Proc. SPIE. 5672, Image Processing: Algorithms and Systems IV
KEYWORDS: Signal to noise ratio, Point spread functions, Principal component analysis, Statistical analysis, Image processing, Image restoration, Image analysis, Image quality, Process modeling, Algorithms
Approaches analyzing local characteristics of an image prevail in image restoration. However, they are less effective in cases of restoring images degraded by large size point spread functions (PSFs) and heavy noise. In this paper, we propose a set theoretic approach to object-based image restoration that involves the following issues: representing the common characteristics of a class of objects that images of interest contain, the formulation to combine prior knowledge of the object, and the algorithm to find the solution.
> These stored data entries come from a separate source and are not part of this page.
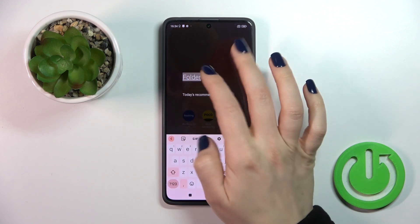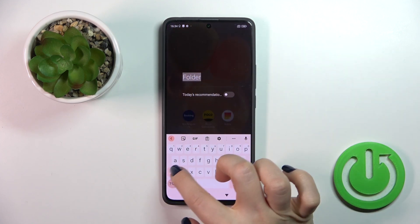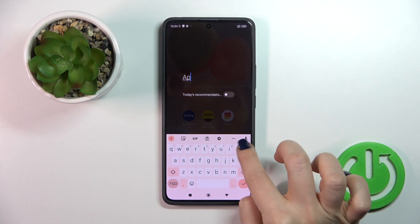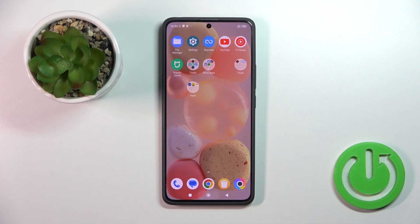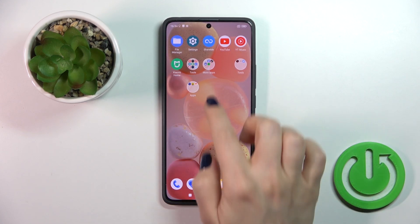You can rename the folder if you want — just tap once on the name and enter the new one, then tap OK to save the changes.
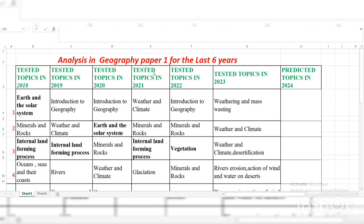Welcome. Let us look at the Geography Paper One analysis for the last six years. We look at the trend, the way the topics have been set, and from there we can check on the topics that we shall emphasize in this year's exam, 2024. So in 2018, we had the Earth and the Solar System as question number one, Paper One.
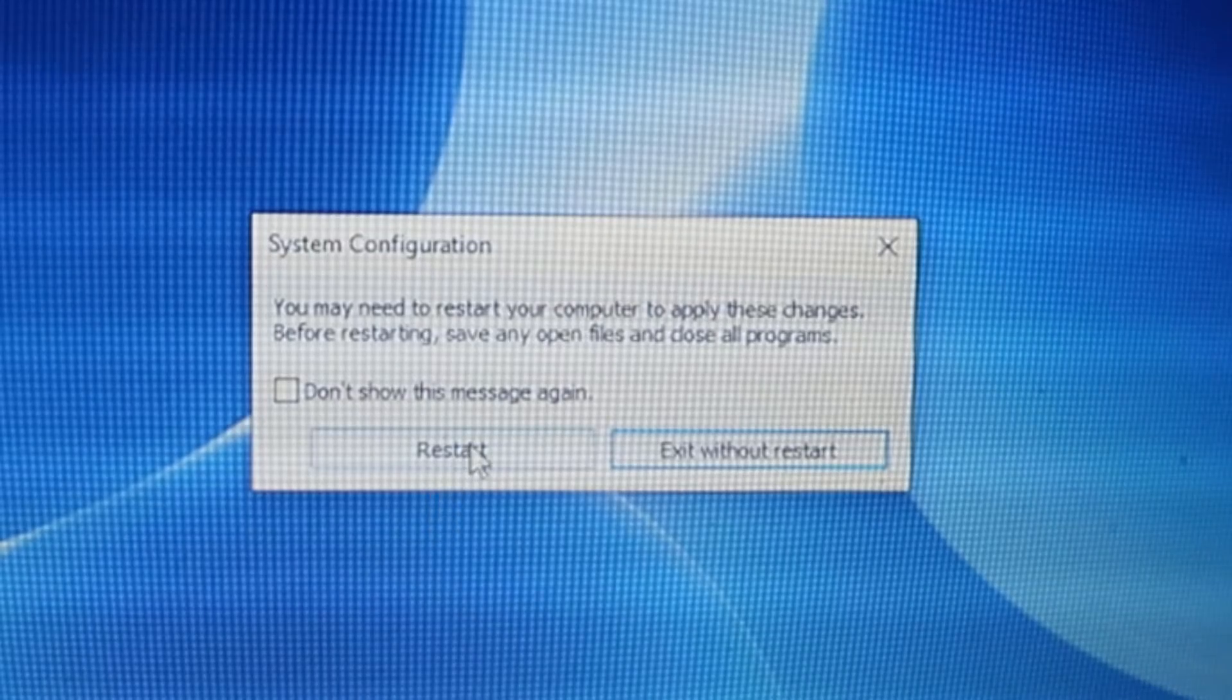Another method to enter Safe Mode is by using Automatic Repair. I'll press the power button to start the PC. As soon as the manufacturer's logo appears on the screen - for example my laptop is HP so HP logo will appear - as soon as the logo appears, I'll press the power key and keep it pressed for three to four seconds so it turns off forcefully. I'll repeat this process three times, and the fourth time I'll automatically reach Automatic Repair mode.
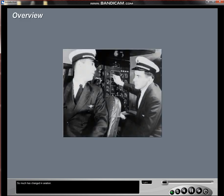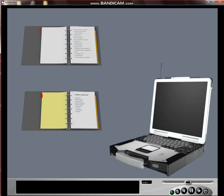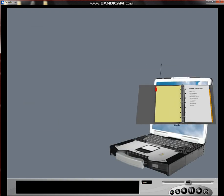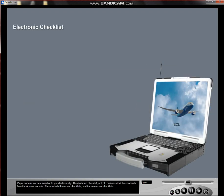So much has changed in aviation. Paper manuals are now available to you electronically. The electronic checklist or ECL contains all of the checklists from the airplane manuals. These include the normal checklists and the non-normal checklists.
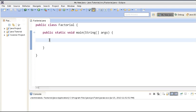Let's move ahead and see how we can calculate the factorial of a number in a Java program. In order to calculate factorial of a number, we want the user to enter a number on the console and we provide them the factorial of that number.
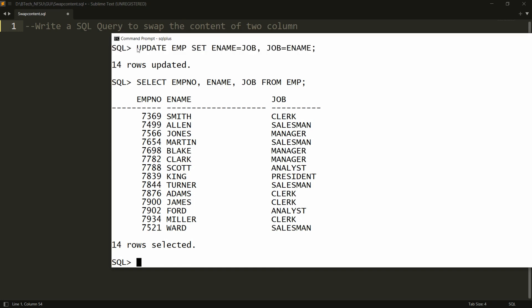So to do this, you can simply write an UPDATE statement. This is the way you can write the SQL query to swap the content of two columns.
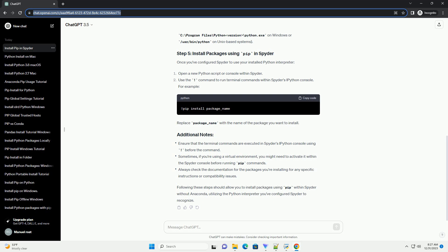Firstly, ensure you have Python installed on your system. You can download the latest version of Python from the official website, Python Downloads. During the installation of Python, ensure that the option to install pip is selected.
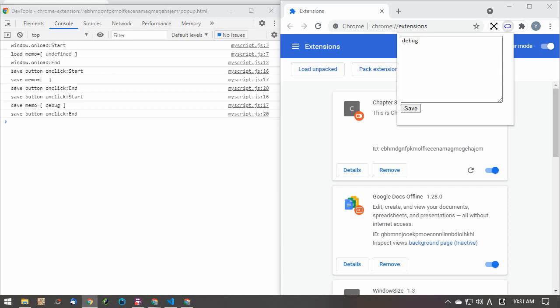Debug messages are a rudimentary method, but they can be very helpful in finding bugs. DevTools has more advanced debugging features, so if you are interested, check it out.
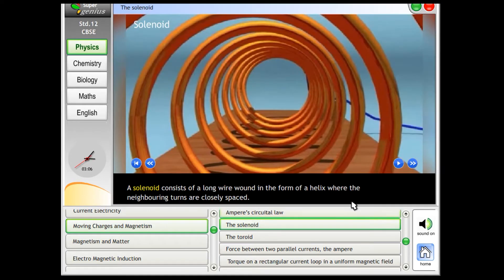The solenoid. A solenoid consists of a long wire wound in the form of a helix, where the neighboring turns are closely spaced.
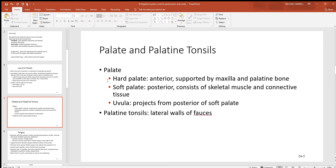The palate has two parts: hard and soft. If you put your tongue on the roof of your oral cavity you can feel bone — that's the hard palate, formed mostly by the maxilla anteriorly and a small palatine bone posteriorly. Behind it is the soft palate, made of skeletal muscle. At the very back hangs the uvula. When you swallow, the soft palate flips up so food can't go toward the nasal cavity; when breathing, it flips down to allow airflow. The palatine tonsils are visible at the rear.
The common characteristics of objects are represented as deterministic sets built on principal component analysis based models of objects. Combining these sets with those arising from observed data, object-based image restoration is formulated in a set theoretic framework. Finally, a parallel subgradient projection algorithm is applied to find the intersection of the sets. Experiments performed on frontal face images using the proposed approach show significant improvement in large size and heavy noise degradation, compared with traditional methods based on local analysis. The proposed approach opens the possibilities of introducing the more prior knowledge pertaining to objects in terms of deterministic sets and solving the problem by abundant numerical algorithms under set theoretic framework.